Friday 2 July 2010

Inching



Each new day I'm looking for evidence of moving myself forward to the life I want and need.

Though I have not yet received the official contract I now know what my salary will be; modest but better than if I was teaching English in France. It seems my future employer will be happy to have me and find me useful. The Director of Human Resources and the  professor employing me there are writing the required documentation. Wow! Apart from enjoying my work with the ecocity I've found it hard to feel appreciated by employers in NZ. That's probably because I wasn't.

I think there's a chance I might actually thrive in my new home on the other side of the world. A bigger stage, a wider variety of people to meet and work with, friendly and generous people, a fascinating history and culture of depth and breadth. And that pervading sense of being home.

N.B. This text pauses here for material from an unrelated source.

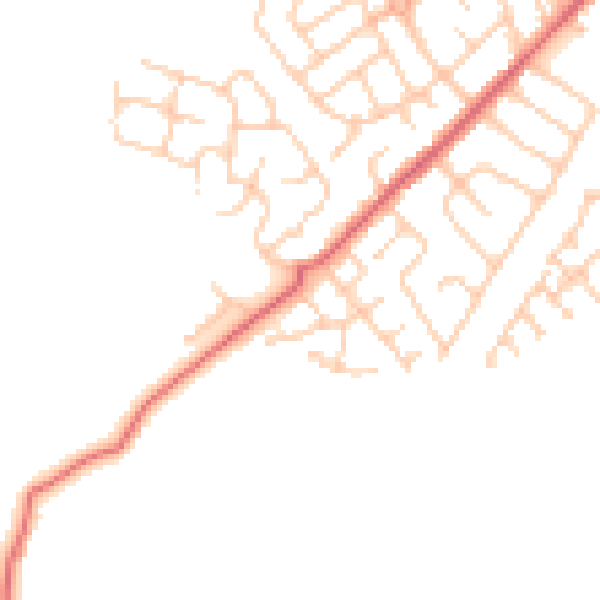 Daytime road noise heatmap for BB7 2RF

I'm allowing a little more excitement to make itself felt each day. I'm looking around my home in NZ and gently letting go of my attachment to my belongings. That also means my garden. I feel it is unlikely I will ever tend to it again, after I leave in September.

Ah September, a time for new things in my garden and for me. Already the jonquils are flowering, offering their sunny faces to me in greeting. I've promised myself that one day I will make a lovely garden somewhere in France- gee, I feel quite misty-eyed at the thought. In France there are more opportunities to plant the plants I enjoyed in my childhood and early adulthood because the climate is a little more like that of the South Island of NZ. Auckland is warmer but there are many European plants that don't do well there, a bit like me, I guess.

I've even found a worthy person to represent the ecocity and to deliver my presentation on community advocacy for sustainable living to a national conference at the end of the year. Things are falling into place.

Next week I shall investigate the ins and outs of finding the right property manager to look after my only asset and then it will be time to obtain quotes to move my personal possessions. I've only two months to pull this together but I want to experience the process rather than rush around in a mad fog.

My heart is ready to go now but my head needs to be in charge until I get on the plane for Paris. Yes, I do believe I'm getting a wee bit excited.